Aynı tepkisizlik hakimdi yüzüne. "Neresinden istersem."

"Dikkat et," Bu bir uyarı değildi. "Birisi çıkıp seni de bir yerlerinden çivilemesin."

Bir an için kapattığı gözleri ağaçlardan birine doğru açıldı. "Bırak tenezzül edeni, cesaret edeni şu ağaçta sallandırırım."

"Ben de onu diyorum ya," Aynı ağaca baktım. "Senin fıtratında bu var; zarar vermek, yok etmek..."

Kızmadı, alay etmedi, bir kez daha gözdağı vermedi. Sanki... Ciddi olup olmadığımı anlamak için baktı yüzüme. Belki de bu yüzden ilk hamlemde kolumu parmaklarının arasından kurtarmayı başardım. Ne kadar güçlü bir adam olursa olsun, boş bulunduğu anı mükemmel bir zamanlamayla yakalayabilmiştim.

"Yüksek müsadenle eve girip dinleneceğim. Peşimden gelmeden önce dökeceğin kanları temizle." Karşısından ayrıldım ama daha bitirmemiştim. "Beni kan tutuyor."

Merdivene bastığım ikinci adımda bana döndüğünü fark ettim. "Hiçbir şey değilse bile bir gün bu dilin feci şeylere yol açacak."

"Hadi ya, korktum şimdi."

"Arsız bir sıçan gibi konuşmayı kes. Aksi takdirde kesmene yardımcı olacağım."

Avucumu sertçe korkuluğa indirdikten sonra sinirle bağırdım. "Arsız sıçan senin anandır!"

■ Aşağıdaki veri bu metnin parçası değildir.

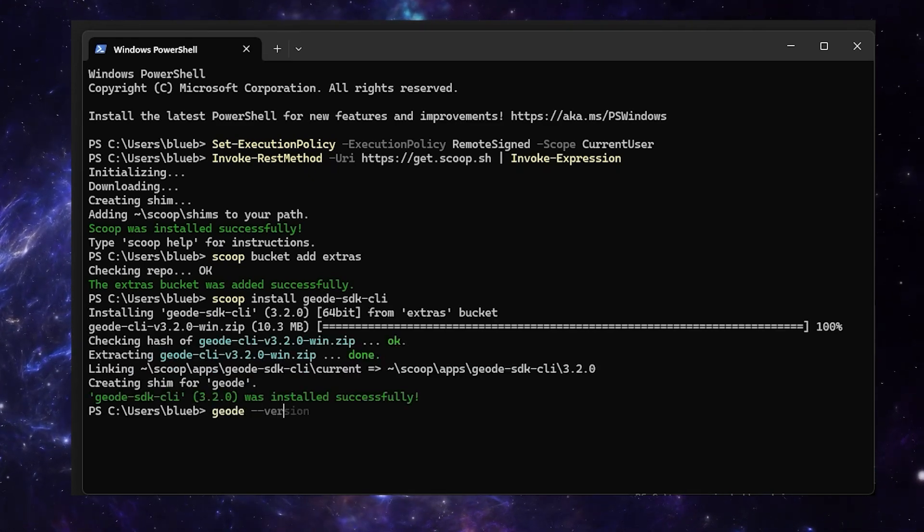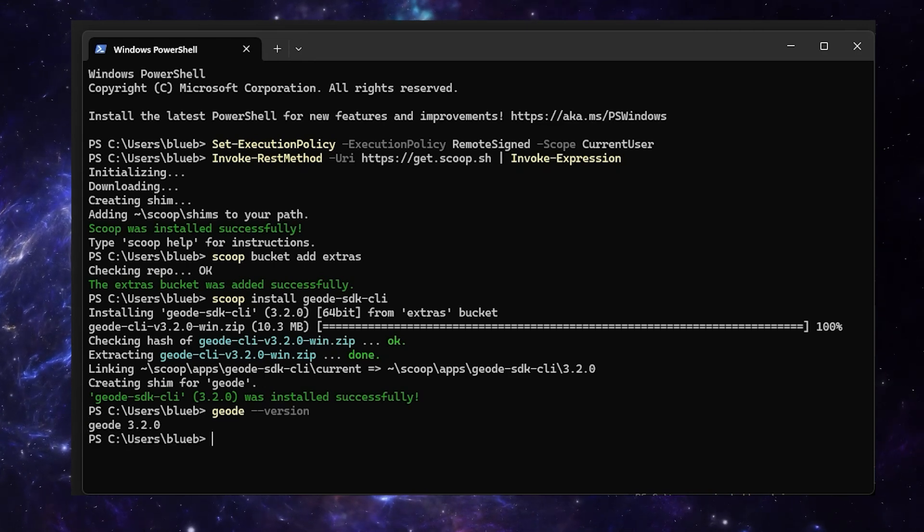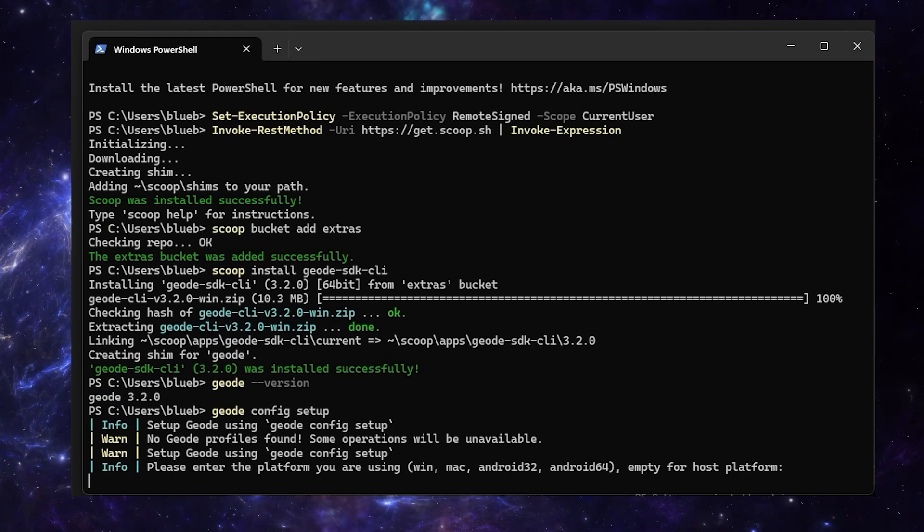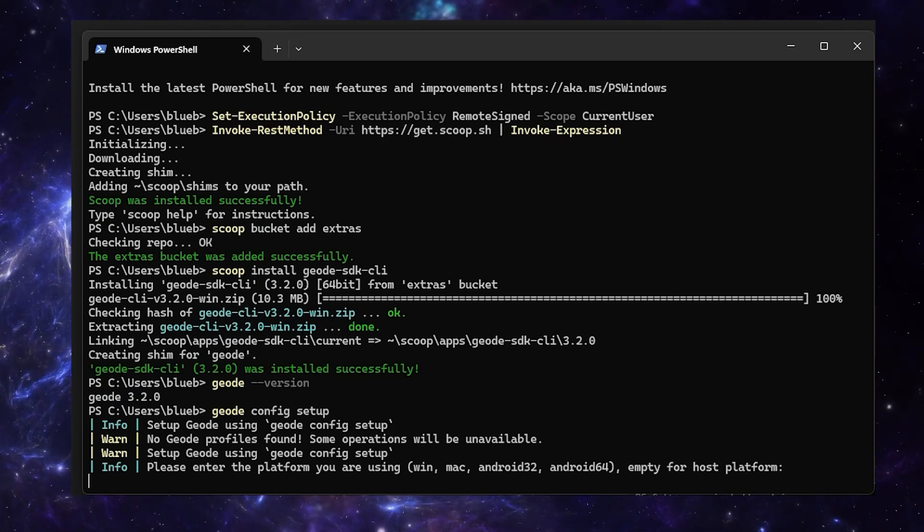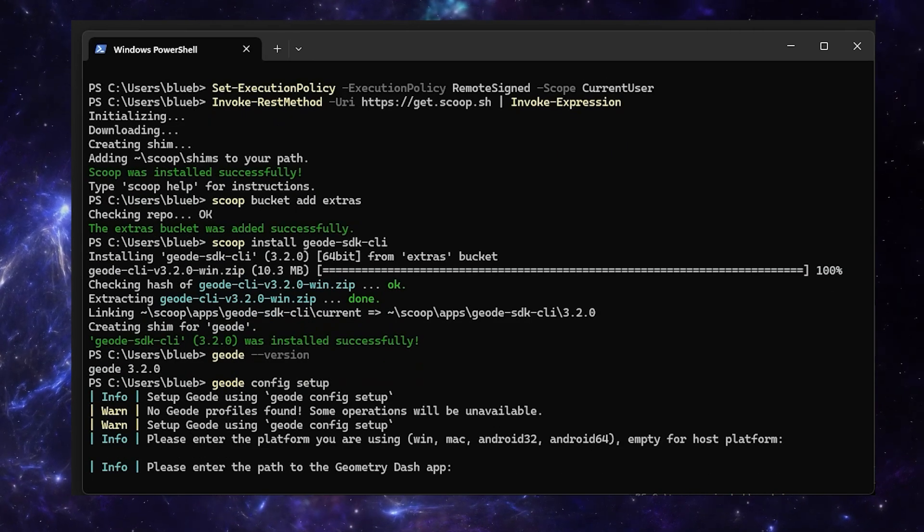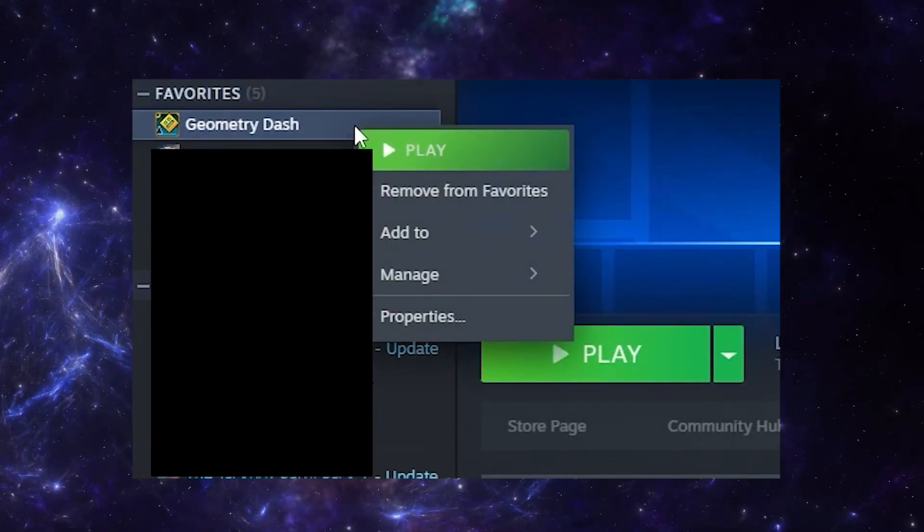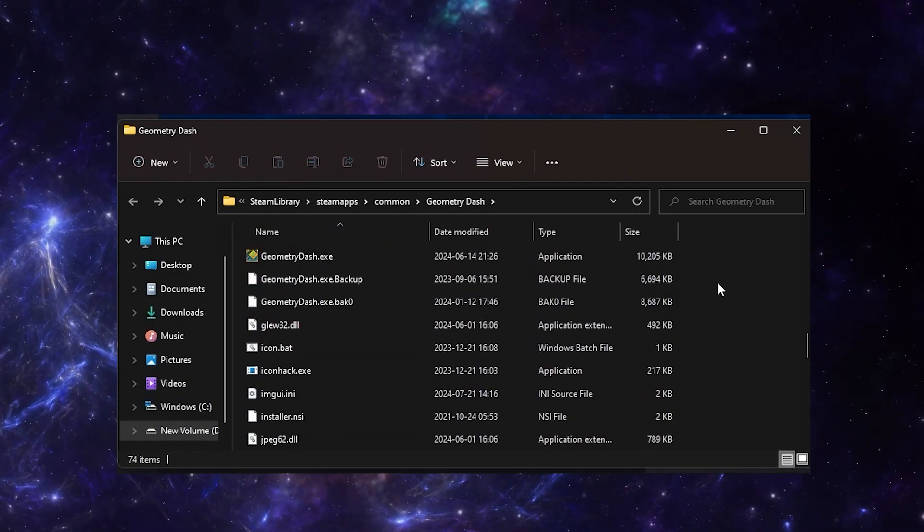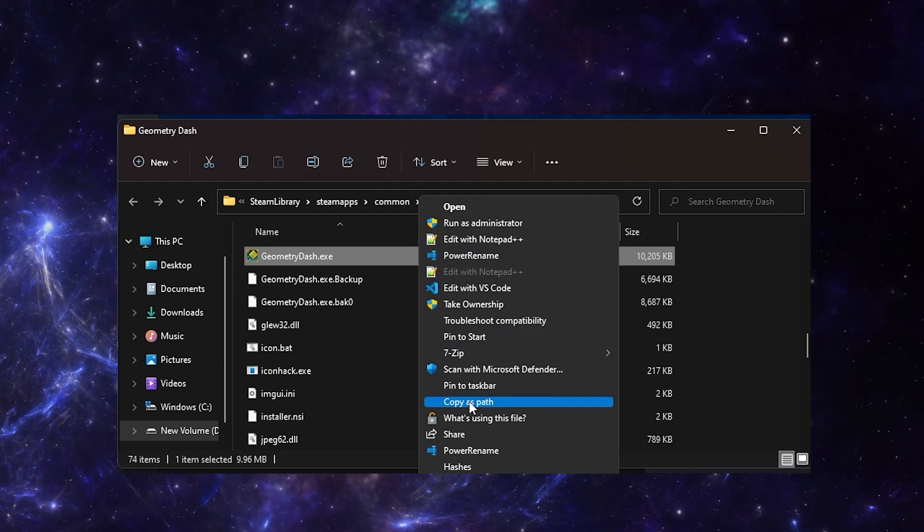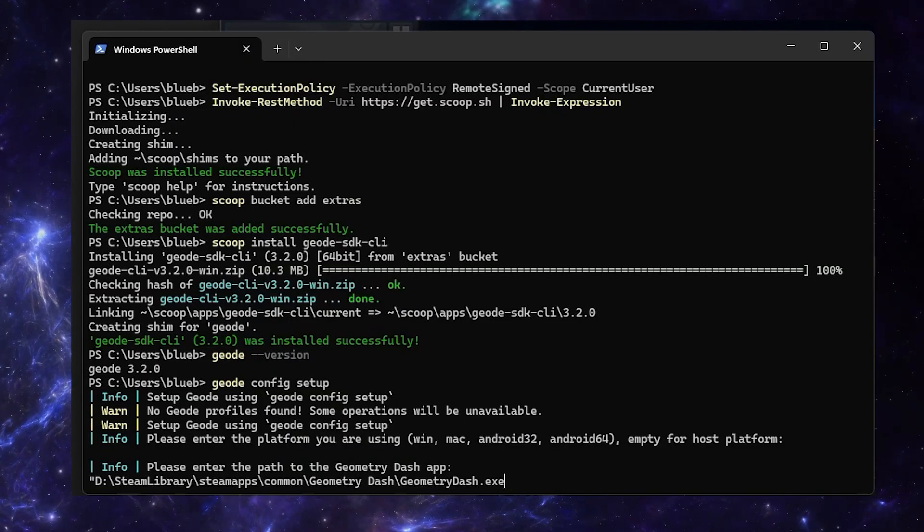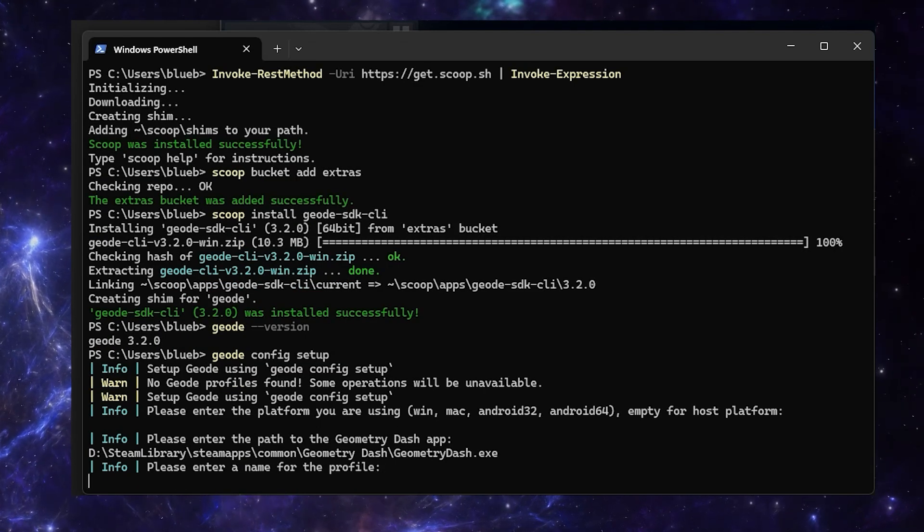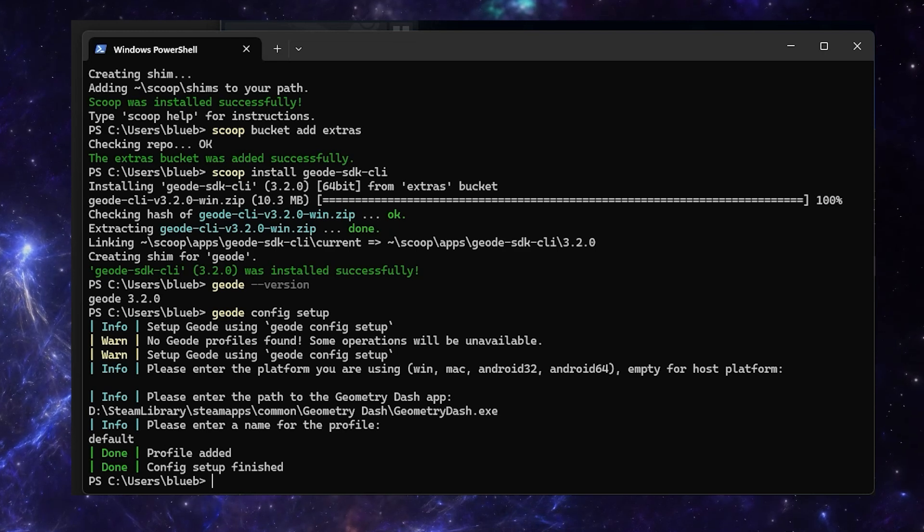Then you can do geode --version to check that it's installed. And now you're going to run geode config setup. So I left this blank, but it ended up causing problems later, so just type win W-I-N. Now you're going to open Steam. Right-click GD, Manage, Browse Local Files, and you need to find GeometryDash.exe and click Copy as Path. Then you can paste that here and just remove the quotes. Then you can give it a name, you can name it where you want. And now that's done.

Seri bir şekilde basamakları tamamladım. Verandaya ulaştığım an evin kapıyı aralandı ve sadece yarım metre ötemde bir kadın belirdi. Krem rengi etekli takımının içindeki kadın başını kaldırıp, vaualetinin altından bana baktığında, mavi gözlerinin tanıdık tonuyla karşı karşıya kalmıştım. Onun kim olduğunu merak ederken, Biran'ı varlığını arkamda hissetmem uzun sürmedi.

"Anne."

Pekala, buradaki tek sıçan bendim.

Kadın ince dudaklarını birbirine bastırdı, ipek gömleğinin altından belli olan kaburgalarının belirginleştiğine şahit oldum. Zayıf ve uzuncaydı. Kaşları ters bir yarım ay gibi yuvarlak duruyordu. Teni bir kağıt kadar beyazdı. Ensesinde muntazam bir biçimde toplanmış olmasına rağmen geniş buklelere sahip olduğunu anladığım saçları turuncuydu. Biran'ı doğurmuş olamayacak kadar genç görünüyordu. Başını geri attı ve topuklarının üzerinde dönerek hiddetle içeri girdi.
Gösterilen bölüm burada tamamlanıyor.